* Aim of the task *
For this exercise, reproduce the entries below exactly, but only from the line containing "Petracca Heeled Mules" through the line containing "DIAMOND DOTZ DD3.014, Originele", both included.

* Provided information *
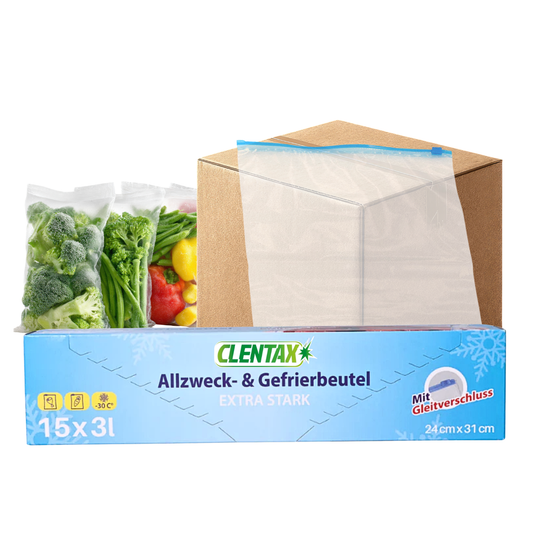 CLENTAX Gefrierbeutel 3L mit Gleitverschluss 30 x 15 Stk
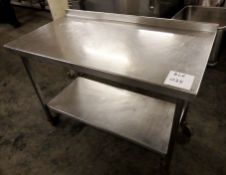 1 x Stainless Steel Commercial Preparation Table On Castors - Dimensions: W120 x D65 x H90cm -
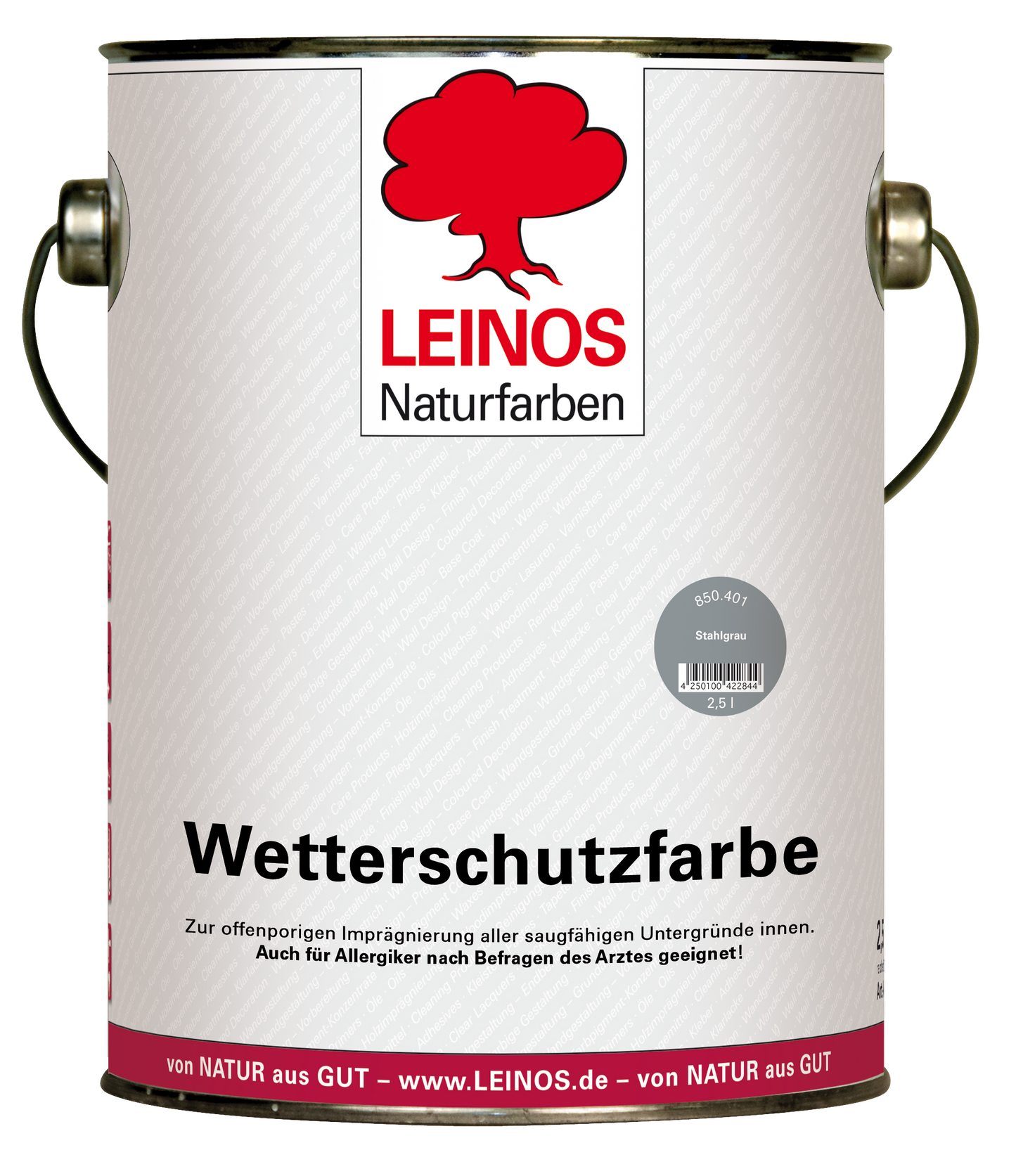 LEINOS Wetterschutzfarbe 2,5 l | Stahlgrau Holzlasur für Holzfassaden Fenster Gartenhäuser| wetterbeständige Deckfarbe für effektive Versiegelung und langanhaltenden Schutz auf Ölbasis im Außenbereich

--

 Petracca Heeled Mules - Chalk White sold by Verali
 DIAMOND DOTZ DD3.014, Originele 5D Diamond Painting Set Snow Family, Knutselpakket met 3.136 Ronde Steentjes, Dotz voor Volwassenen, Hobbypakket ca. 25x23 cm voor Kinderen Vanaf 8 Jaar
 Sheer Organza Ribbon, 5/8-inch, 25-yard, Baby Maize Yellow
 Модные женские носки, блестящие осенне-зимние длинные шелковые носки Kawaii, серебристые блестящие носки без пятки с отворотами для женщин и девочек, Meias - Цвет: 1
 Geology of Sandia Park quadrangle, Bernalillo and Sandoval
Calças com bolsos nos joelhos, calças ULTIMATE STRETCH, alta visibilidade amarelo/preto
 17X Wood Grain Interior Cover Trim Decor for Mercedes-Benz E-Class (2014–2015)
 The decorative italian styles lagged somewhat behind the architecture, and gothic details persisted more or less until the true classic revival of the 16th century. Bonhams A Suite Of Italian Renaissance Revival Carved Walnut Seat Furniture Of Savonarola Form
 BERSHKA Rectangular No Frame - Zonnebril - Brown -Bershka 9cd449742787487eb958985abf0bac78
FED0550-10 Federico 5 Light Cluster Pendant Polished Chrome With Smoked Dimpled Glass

* Result of the task *
 Petracca Heeled Mules - Chalk White sold by Verali
 DIAMOND DOTZ DD3.014, Originele 5D Diamond Painting Set Snow Family, Knutselpakket met 3.136 Ronde Steentjes, Dotz voor Volwassenen, Hobbypakket ca. 25x23 cm voor Kinderen Vanaf 8 Jaar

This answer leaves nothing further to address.